"¿Gastronomía inglesa? Sí, es un perfecto oxímoron (aquello de poner juntos dos conceptos antagónicos), he de reconocerlo. Soy inglés, sé de lo que hablo". Quien se burla así de su cocina nacional es Lawrence Norfolk (Londres, 1963), un autor ausente de las librerías desde hace más de una década tras haber probado las mieles del éxito con El diccionario de Lemprière y El rinoceronte del Papa , exquisitos artefactos históricos al estilo Umberto Eco. La novela del regreso, El festín de John Saturnall (Galaxia Gutenberg), a diferencia de las anteriores, se puede resumir en pocas líneas: "De cómo un huérfano en el siglo XVII consigue convertirse en el chef de cocina más reconocido de su época, de cómo su vida queda destrozada por la guerra civil y de cómo se enamora de la mujer equivocada".

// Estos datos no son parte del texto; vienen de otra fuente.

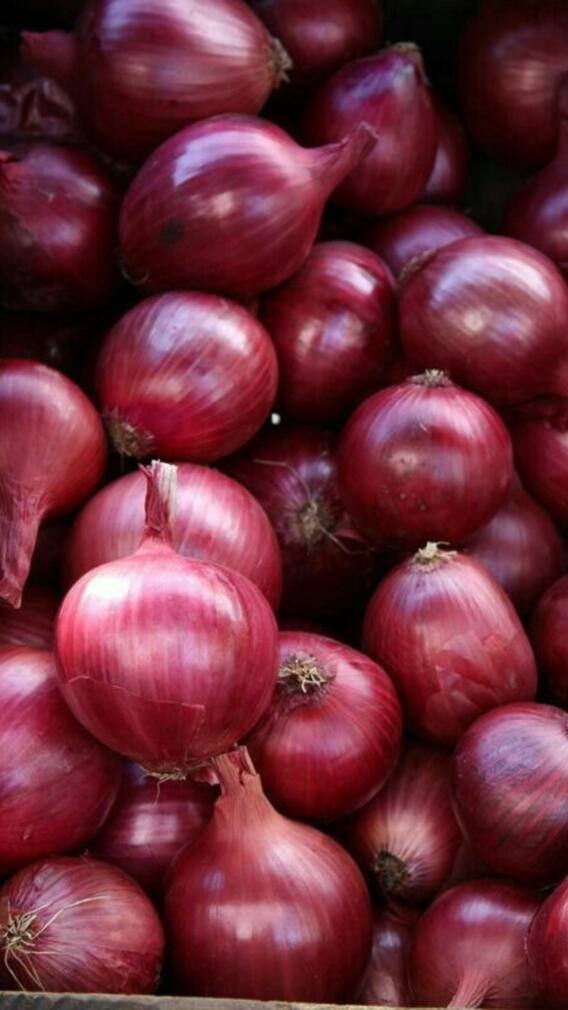 अमेरिकेत कांद्याला किती दर? एकूण व्हाल थक्क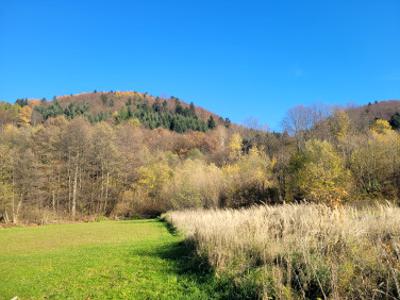 Działka rolno-budowlana Łosie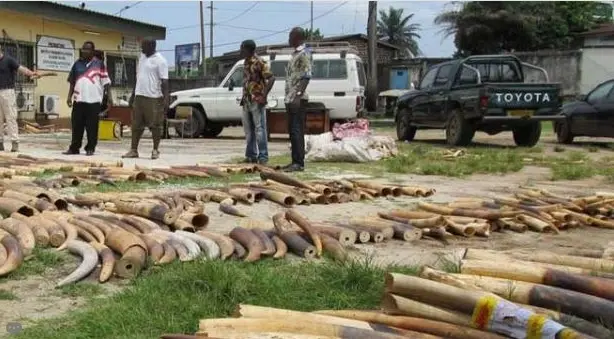 O ano de 2013 encerra-se com um pesado balanço para algumas espécies protegidas: caçadores assassinaram cerca de 950 rinocerontes e 30.000 elefantes. O fenômeno é alimentado por uma intensa procura em mercados asiáticos. (Foto: Reuters)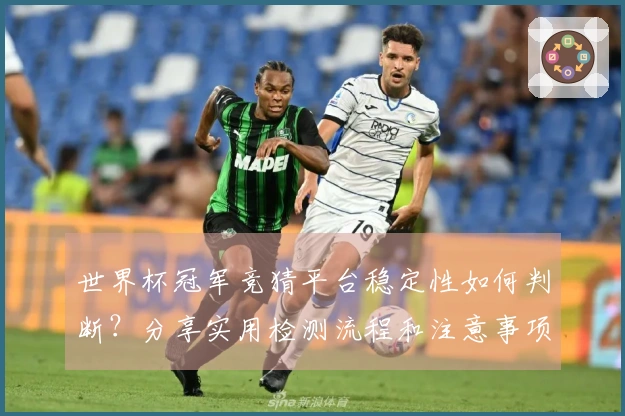 世界杯冠军竞猜平台稳定性如何判断?分享实用检测流程和注意事项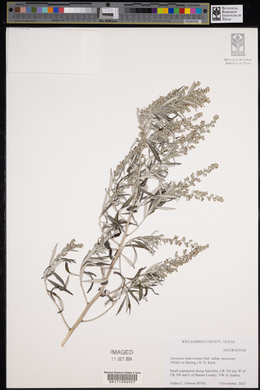 Artemisia ludoviciana subsp. mexicana image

La gran sorpresa, hija de la erudición de la que Norfolk hace gala, es que en aquel momento Inglaterra tenía la cocina más sofisticada de toda Europa, incluyendo Francia e Italia. Pero le cortaron la cabeza al rey Carlos I, llegó al poder el puritano Oliver Cromwell --"que se hizo famoso por prohibir la Navidad", apunta Norfolk clarificadoramente-- y todo aquel mundo hedonista en el que reinaba el cocinero John Saturnall se fue a pique, abriendo un triste camino que culminó en el pastel de riñones y las fish and chips . "Se quebró la cadena de suministros y, aunque con la Restauración se devolvieron los bienes incautados, la gastronomía, que es un ser vivo, ya nunca volvió a recuperarse", sentencia.

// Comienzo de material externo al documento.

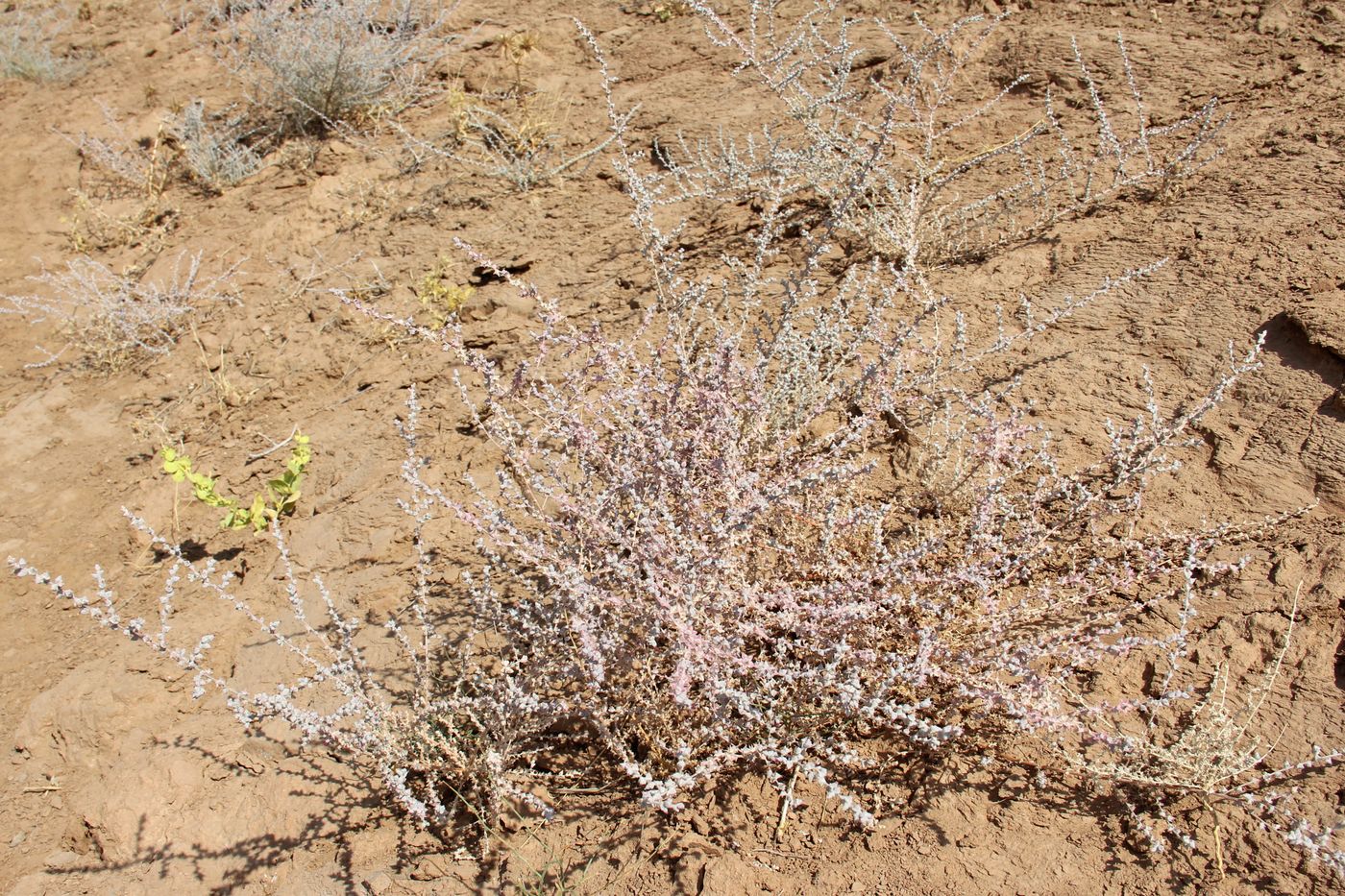Image of Salsola leptoclada specimen.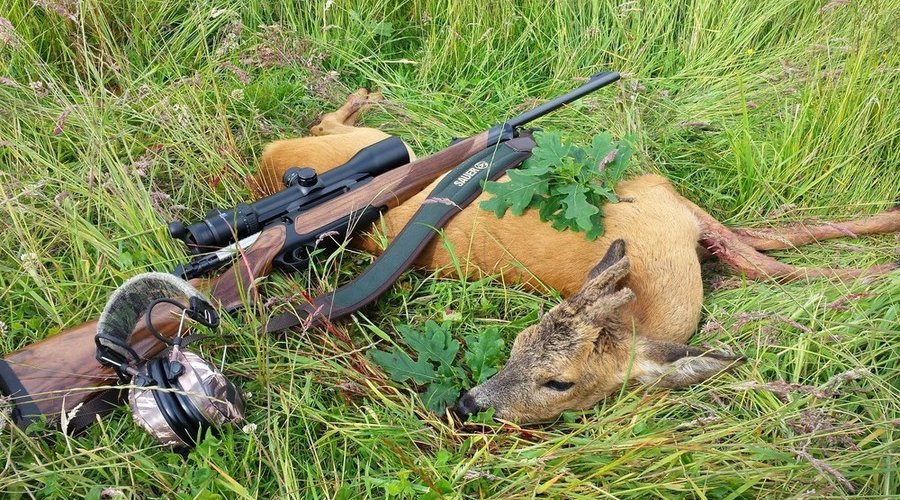 Repetierbüchse SAUER 404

En estos 12 años de silencio desde su última novela, a Norfolk le han pasado muchas cosas: una novela excesivamente ambiciosa que se frustró, el guion de una superproducción que también, dos hijos estupendos, una estancia en Estados Unidos donde aprendió a cocinar como estrategia para hacer amigos y la ardua documentación de esta novela. "Me adentré en aquellos recetarios maravillosos repletos de sorpresas".

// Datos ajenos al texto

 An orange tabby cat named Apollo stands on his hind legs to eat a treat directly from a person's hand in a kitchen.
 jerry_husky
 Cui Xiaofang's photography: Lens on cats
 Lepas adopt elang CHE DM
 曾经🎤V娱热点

Un buen ejemplo, para el autor, es cómo conseguir uno de los 23 ingredientes de un complejo pastel de frutas, el jarabe de azúcar. Se necesitan varias piedras de azúcar que, molidas e introducidas en la vejiga de un cerdo gracias a la pluma de una oca, donde se las agita suavemente a lo largo de tres días, acaban por producir el producto deseado. O esta otra en la que inervienen crema fría, miel tibia y una escalera. Cada uno de los capítulos viene acompañado de esas recetas estrambóticas, antecedentes de las fantasías de Ferran Adrià.

La manzana de Eva

El reto para Norfolk es aportar a la literatura algo que, a su entender, es un terreno virgen. "Rabelais, Huisman, Petronio e incluso Proust. Todos ellos describen el acto de comer. Pero ninguno se lanza a describir gustos y texturas". Norfolk va, en intenciones, mucho más allá: concibe el festín como un ritual social capaz de causar el recelo de los poderosos. Y así se remonta al kilómetro cero: "Cuando Eva le dio la manzana a Adán fue un hecho gastronómico sancionado por la autoridad local".

Pero eso es historia. Hoy, con un restaurante, el Fat Duck en la lista de los mejores del mundo, no todo está perdido para la cocina inglesa, incluidos los fogones más humildes. "Puedo asegurar que en los últimos años ha mejorado muchísimo. Pero es que no podía estar peor".